El libro se cierra mostrando cómo estas estrategias y dispositivos, cuya finalidad era la de convertir en hegemónico al neoliberalismo, han necesitado del Estado, y pueden ser asimiladas teóricamente con lo que Carl Schmitt definió como “liberalismo autoritario”. Como decíamos al inicio, un “Estado fuerte” destinado a proteger “una economía libre”. Los intelectuales orgánicos preconizaron poner límites a la democracia como forma de resolver la crisis de gubernabilidad, que concluía con un desplazamiento de la política en favor del mercado, que deberá prevalecer sobre el Estado como entidad veridiccional. El argumento se fundamentaba sobre la idea de que las reivindicaciones de la sociedad civil habían sobrecargado el sistema político, habían convertido a la sociedad en ingobernable a causa de la extensión incesante de las funciones del Estado. Los gobernantes eran excesivamente permeables a los grupos de presión debido al sistema de elecciones democráticas, al Estado keynesiano y a los movimientos sociales que alimentaban una inflación de las expectativas sociales. Por lo que teorizaron la democracia representativa como un simple mercado político que empuja al crecimiento irracional del gasto público y a la ingobernabilidad.
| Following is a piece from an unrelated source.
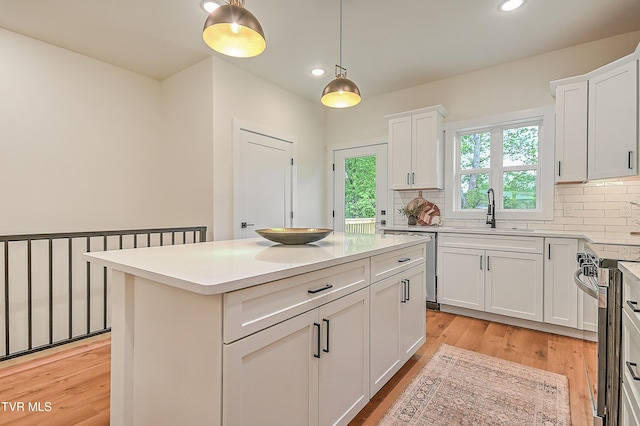 kitchen with a sink, backsplash, stainless steel appliances, recessed lighting, and white cabinets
Por ello, se lanzan a justificar diferentes dispositivos que conducirían a ese “liberalismo autoritario”. Para Schmitt, el Estado pluralista se vuelve Estado total, no sólo por su poder, sino más bien por su debilidad, en cuanto debe responder a múltiples exigencias de la sociedad. Frente a tal situación defiende un Estado fuerte en contra de las reivindicaciones democráticas de distribución social, aunque débil en su relación con el mercado. La resultante de despojar al Estado de la parte social es que sólo quedará su fuerza bruta, su aparato represor, y esto es lo que han defendido los neoliberales en su propio beneficio. En este intento de explicarnos cómo hemos llegado a ser lo que somos, Chamayou nos presenta el proceso de la creación de verdad que han realizado para convencernos de que no hay alternativa al dominio del mercado.